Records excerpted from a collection
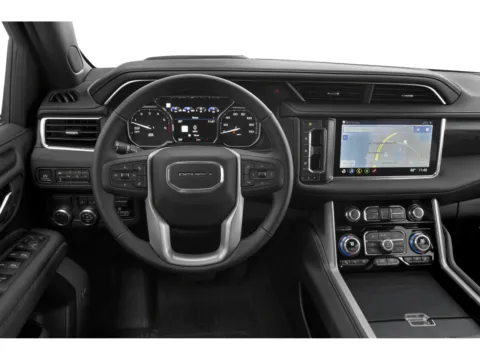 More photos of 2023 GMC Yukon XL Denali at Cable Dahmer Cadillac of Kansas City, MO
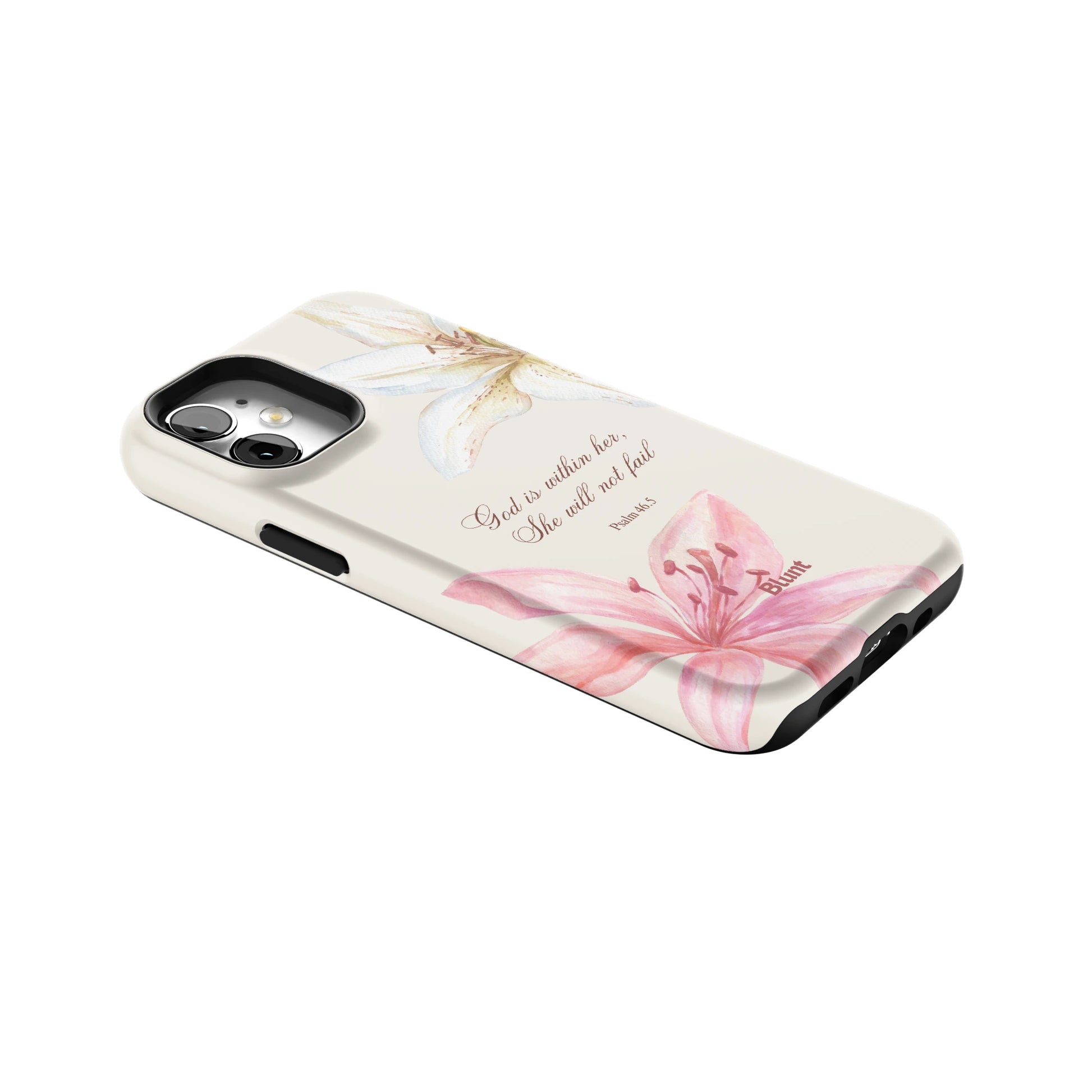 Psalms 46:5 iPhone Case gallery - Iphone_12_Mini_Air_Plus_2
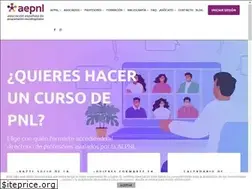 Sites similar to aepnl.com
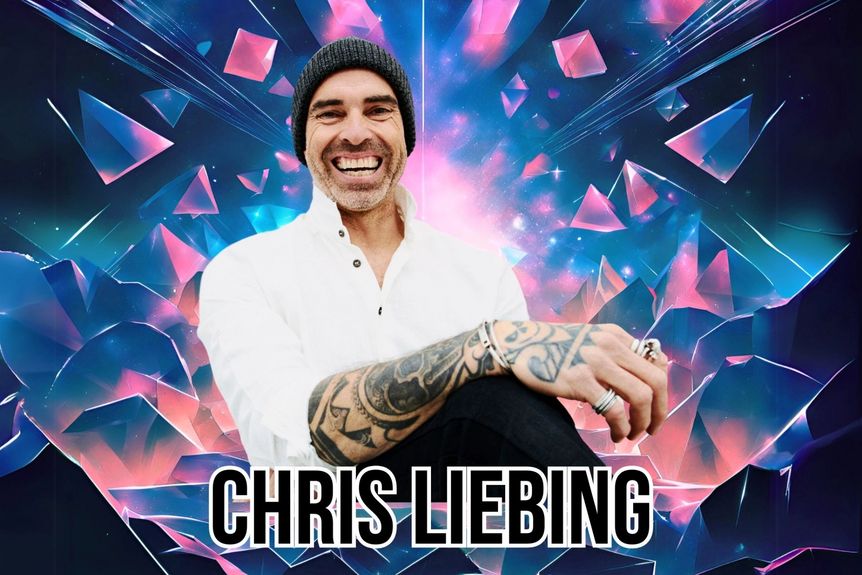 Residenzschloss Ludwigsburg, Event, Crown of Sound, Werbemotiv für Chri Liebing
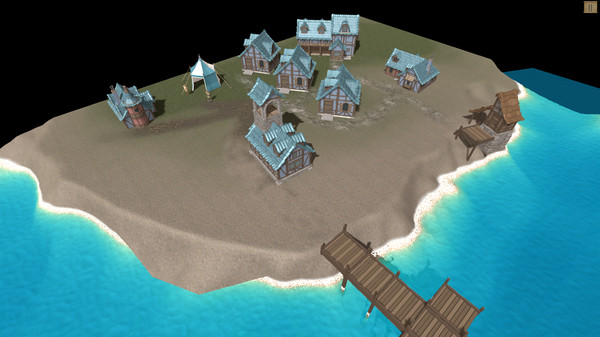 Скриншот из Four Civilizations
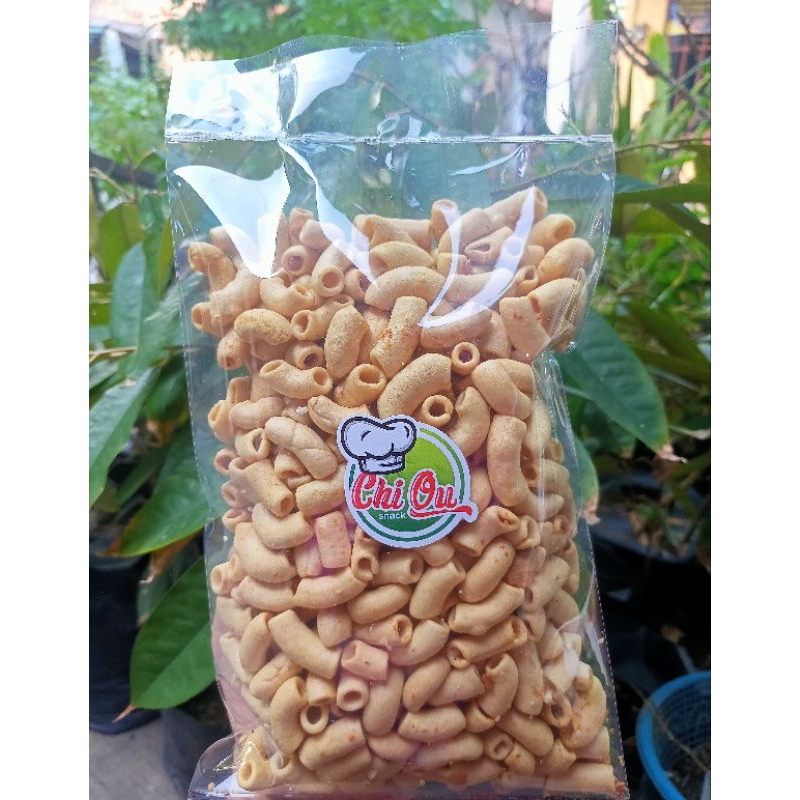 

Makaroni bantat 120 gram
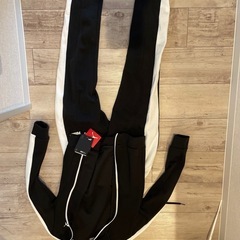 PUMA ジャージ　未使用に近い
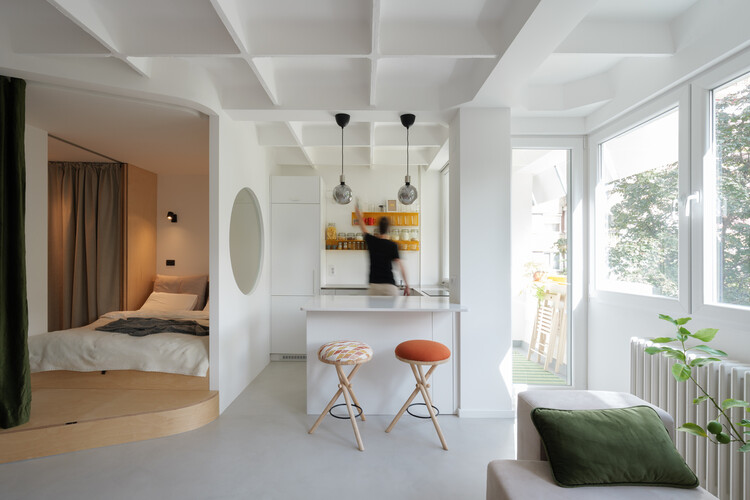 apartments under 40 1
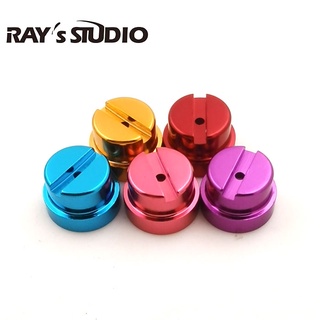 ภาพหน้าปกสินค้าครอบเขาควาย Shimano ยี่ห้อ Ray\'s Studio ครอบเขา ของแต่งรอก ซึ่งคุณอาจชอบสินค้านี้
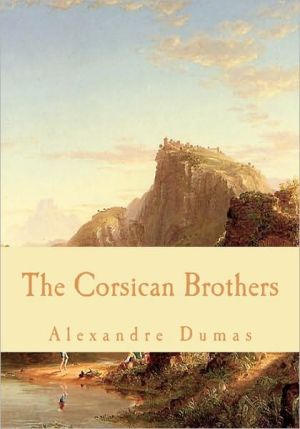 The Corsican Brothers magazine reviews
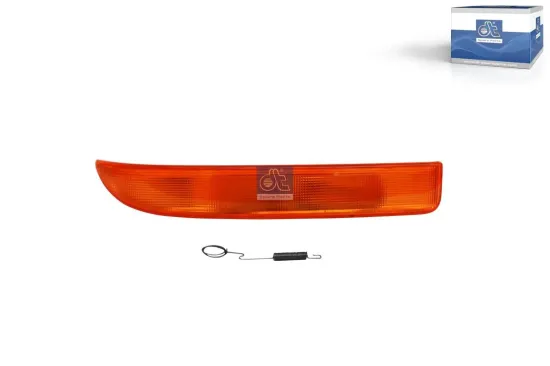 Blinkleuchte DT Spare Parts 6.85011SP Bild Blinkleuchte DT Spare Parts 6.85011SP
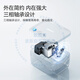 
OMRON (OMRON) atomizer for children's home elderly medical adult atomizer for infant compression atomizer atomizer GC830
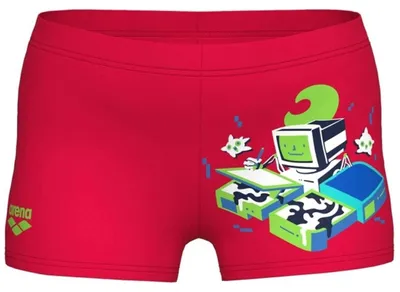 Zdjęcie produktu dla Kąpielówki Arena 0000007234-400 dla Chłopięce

▶ Work request
Retype the entries above exactly, starting at their first line and ending with the line that holds "OMRON (OMRON) atomizer"; pictures stay out.

▶ The answer
 More photos of 2023 GMC Yukon XL Denali at Cable Dahmer Cadillac of Kansas City, MO
 Psalms 46:5 iPhone Case gallery - Iphone_12_Mini_Air_Plus_2
 Sites similar to aepnl.com
 Residenzschloss Ludwigsburg, Event, Crown of Sound, Werbemotiv für Chri Liebing
 Скриншот из Four Civilizations

Makaroni bantat 120 gram
 PUMA ジャージ　未使用に近い
 apartments under 40 1
 ภาพหน้าปกสินค้าครอบเขาควาย Shimano ยี่ห้อ Ray\'s Studio ครอบเขา ของแต่งรอก ซึ่งคุณอาจชอบสินค้านี้
 The Corsican Brothers magazine reviews
 Blinkleuchte DT Spare Parts 6.85011SP Bild Blinkleuchte DT Spare Parts 6.85011SP
OMRON (OMRON) atomizer for children's home elderly medical adult atomizer for infant compression atomizer atomizer GC830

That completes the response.